Beyond avoiding regulatory fines and providing internal costs savings, institutions also recognise that customers want a seamless experience. Perhaps unexpectedly, these two things can go hand in hand.

In modern times, customers have grown accustomed to speed and ease-of-use when making purchasing decisions. Woolworths, Blockbuster, and HMV have been replaced with Amazon, Deliveroo, Google and Netflix. Customers want things quickly, easily and without effort.

Companies respond to the higher costs of AML compliance with more automation and more digitisation, carving efficiencies and pulling away from previously manual processes. The following explores some key questions to consider when embarking on this process.

  1. Is there one KYC vendor who can provide everything

Companies occasionally approach us specifically looking to purchase their entire KYC package from one vendor and there are advantages to this. For example, there are benefits to having one partner who understands the customer journey and predicts the future requirements; if questions need an answer or problems arise, one partner from which to get support; or just one partner to process through the procurement channels, an often-onerous procedure.

There is however more to consider and to start that process we can think about KYC solutions as split into Software and Data.

For data, there are fundamental elements that support the automated customer journey, these include AML screening data (Sanctions / PEPs) and ID Verification data (auto-verification of an individual’s identity). Beyond that there is a universe of additional data that can be consumed, depending on the specific need of the company.  Director and UBO data (for onboarding companies), Bank Account verification, Crypto Wallet verification, Digital Signatures, Fraud checks, Criminal Record checks, Credit Checks, Adverse Media Screening, Social Media Screening and much more.

While one provider can supply both data and software, there is no current supplier who will provide solutions for the entire range of data that is available. For this reason, modern KYC suppliers can open their clients to an eco-system of third-party data solutions, which integrate with their own technology, giving a best-in-class Software/Data package.

The solution that is right for the company depends on the complexity of the operation, along with the customer demographic and the existing technology in place. For some, this is one vendor providing both software and data; for others it is a combination of separate data providers, integrated into a software solution.

  1. More expensive vs less expensive: what’s the difference?

Buying something that is either cheap or expensive should give an idea of its quality – in theory. But even if that is true, quality needs to be somehow quantified to determine if the additions are relevant to your requirements. Here are some things to think about:

  • Screening coverage is especially important. ‘We cover Sanctions’ could mean just named, explicit sanctions or could include implicit sanctions, sectoral sanctions, and further information that is de-duplicated and structured, helping to find exactly what you are looking for, or be confident that you’ve checked all the data available.
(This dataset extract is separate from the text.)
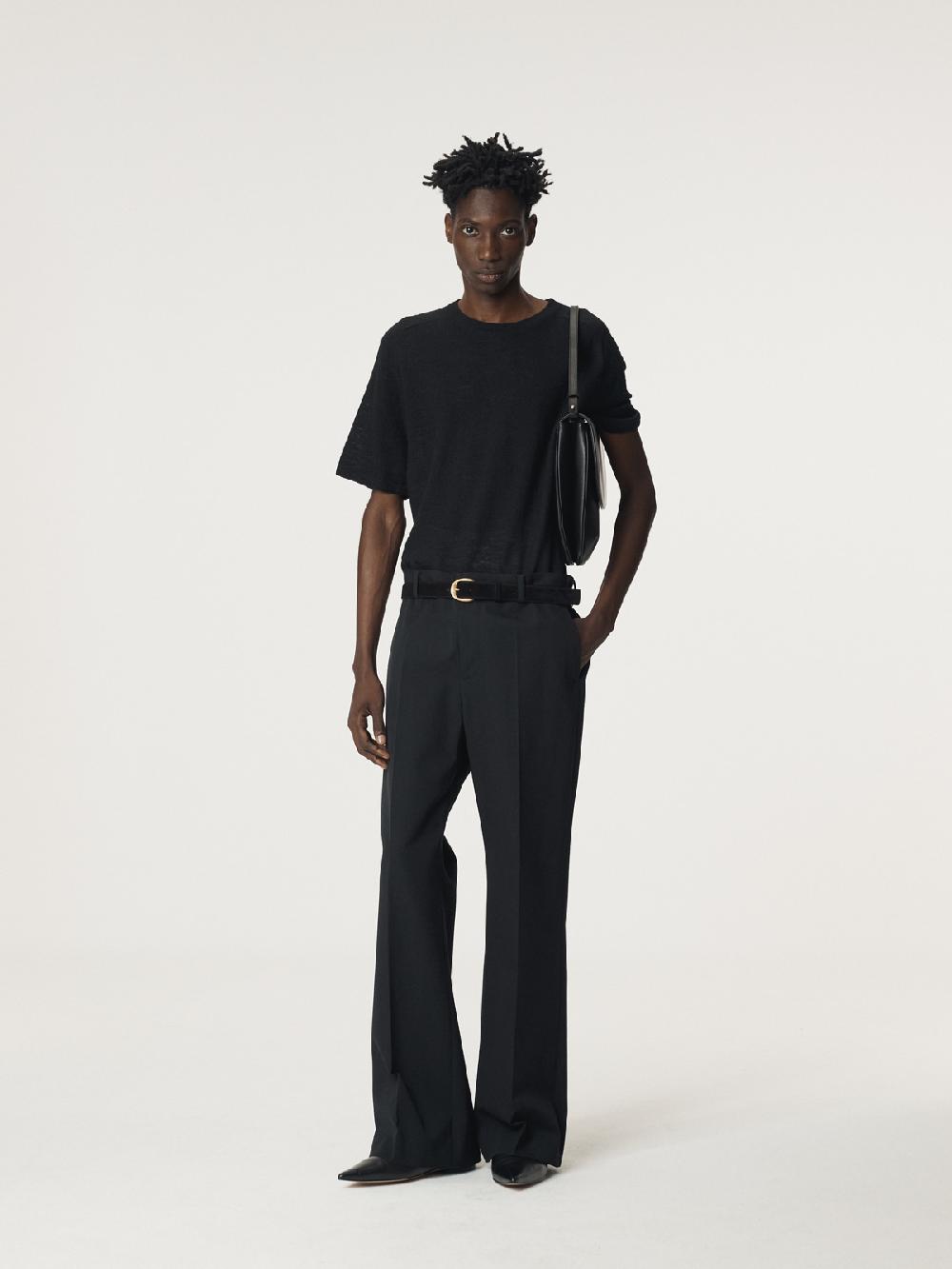 Recto RC SHEER SHORT SLEEVE KNIT TOP (BLACK)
Equally, ‘we cover ID Verification in a given country’ could mean that the system is resolving the data against just one source or [in more costly solutions] against multiple sources.

  • Algorithms vs Humans: Some companies will take large amounts of data, write a search algorithm and present the results. Other companies will hire armies of analysts to pick through and sort the data, with the results being more concise. You will typically find the analyst approach in more costly solutions, as this will save the time manually picking through the data yourself. A slight caveat on this is when dealing with huge quantities of data that can frequently change. In this situation, an algorithmic approach is sometimes the only way to effectively offer results.
  • Aside from the actual solution, there are other ways that the vendor can add value or that the buyer can save cost. On the higher end of the scale, a vendor can support their client with staff dedicated to the account, including analysts, specialists, and customer success; IE people available to ask questions on the solution or specific industry related questions. Vendor locations can be multi-regional, with multi-language capabilities and specific local knowledge. Support lines can be open longer, offering greater access in times of need, such as when being audited. Higher numbers of technical staff can ensure the wait for new development is shortened and larger R&D teams means that best-in-class solutions can be maintained.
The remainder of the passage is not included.